EXERCISE AIM –
Set down word for word each line from the one containing "PULP「Laid.B / レイドビー SUNSET 2ND PANTS」|デニム|" through the end of the records, both included. Do not copy any pictures.

Caption-style text data –
----------------------------------------

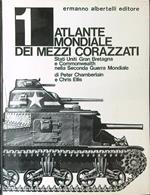 Atlante mondiale dei mezzi corazzati 5 vv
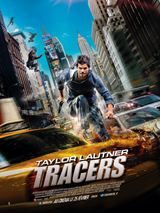 Tracers - affiche du film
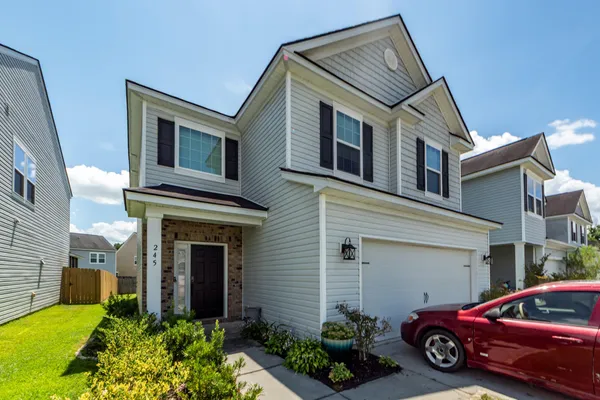 $2,495 | 245 Swamp Creek Lane, Moncks Corner, SC 29461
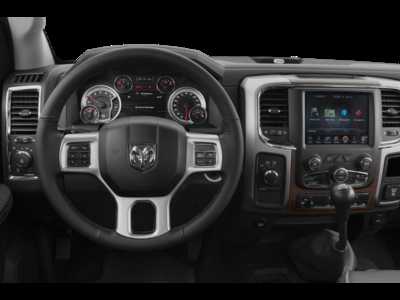 2015 RAM 3500 Crew Cab, $36995.0. Photo 4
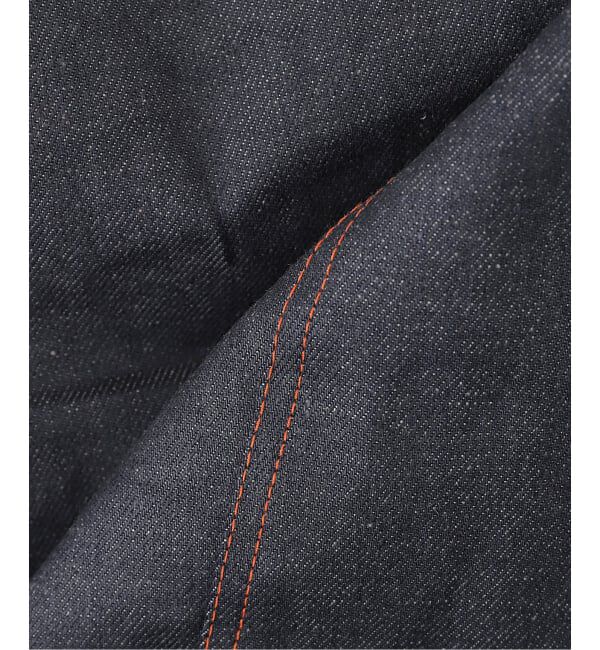 PULP「Laid.B / レイドビー SUNSET 2ND PANTS」|デニム|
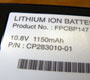 LifeBook Q2010 LifeBook Q2010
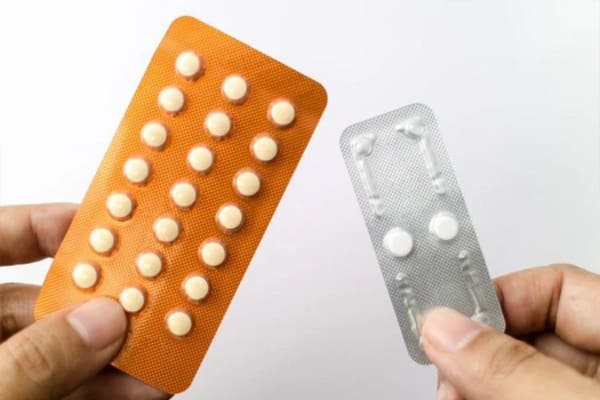 2 loại thuốc tránh thai phổ biến trên thị trường hiện nay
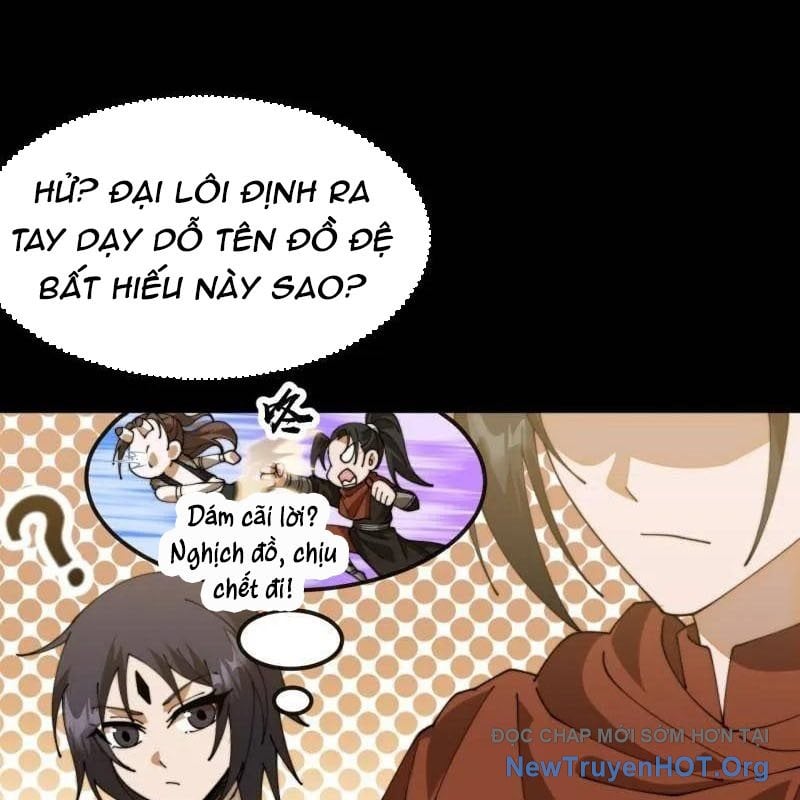 Ta Có Một Sơn Trại: Chapter 1156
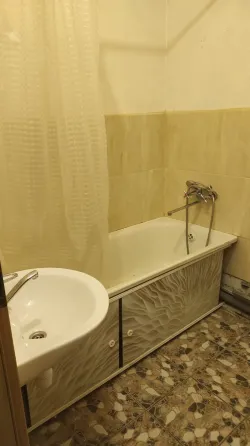 Продаж 1к Квартира 38.5 кв.м Запорожское шоссе, 68 Дніпро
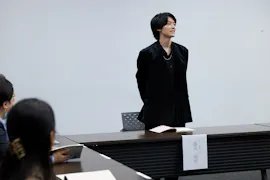 つまり好きって言いたいんだけど、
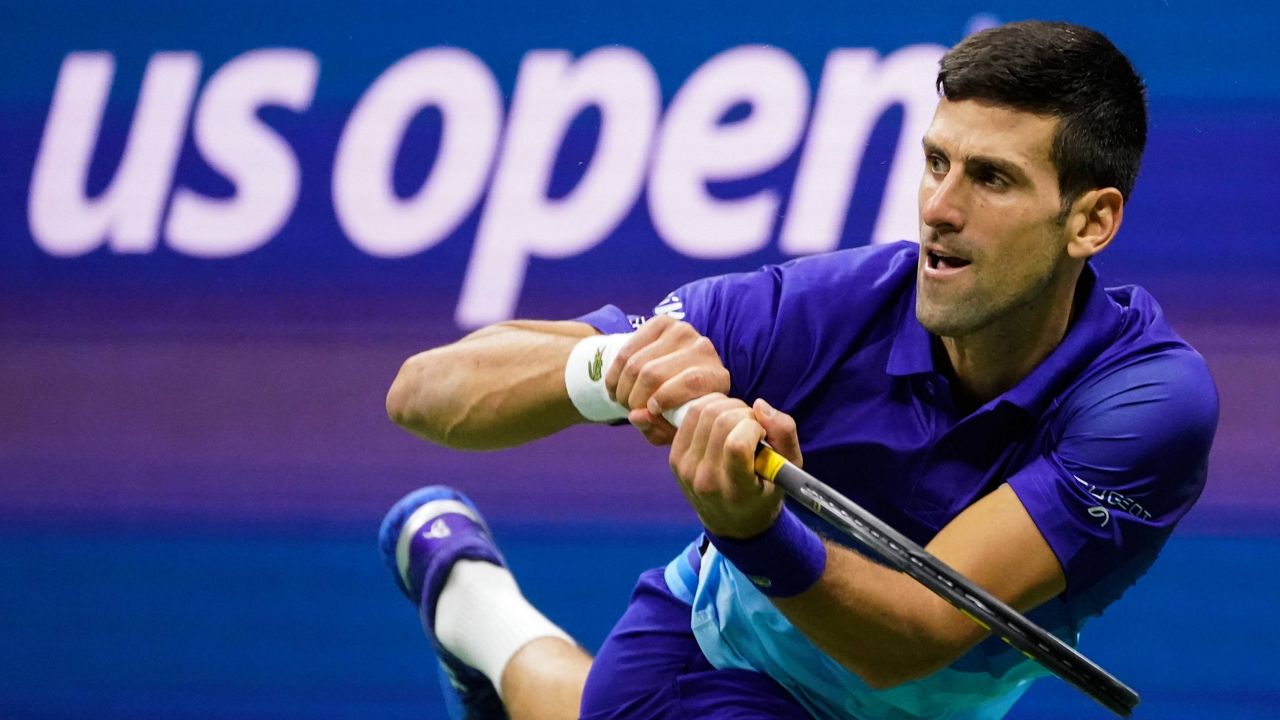 Djokovic to miss Madrid Open along with Nadal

----------------------------------------

EXERCISE ANSWER –
 PULP「Laid.B / レイドビー SUNSET 2ND PANTS」|デニム|
 LifeBook Q2010 LifeBook Q2010
 2 loại thuốc tránh thai phổ biến trên thị trường hiện nay
 Ta Có Một Sơn Trại: Chapter 1156
 Продаж 1к Квартира 38.5 кв.м Запорожское шоссе, 68 Дніпро
 つまり好きって言いたいんだけど、
 Djokovic to miss Madrid Open along with Nadal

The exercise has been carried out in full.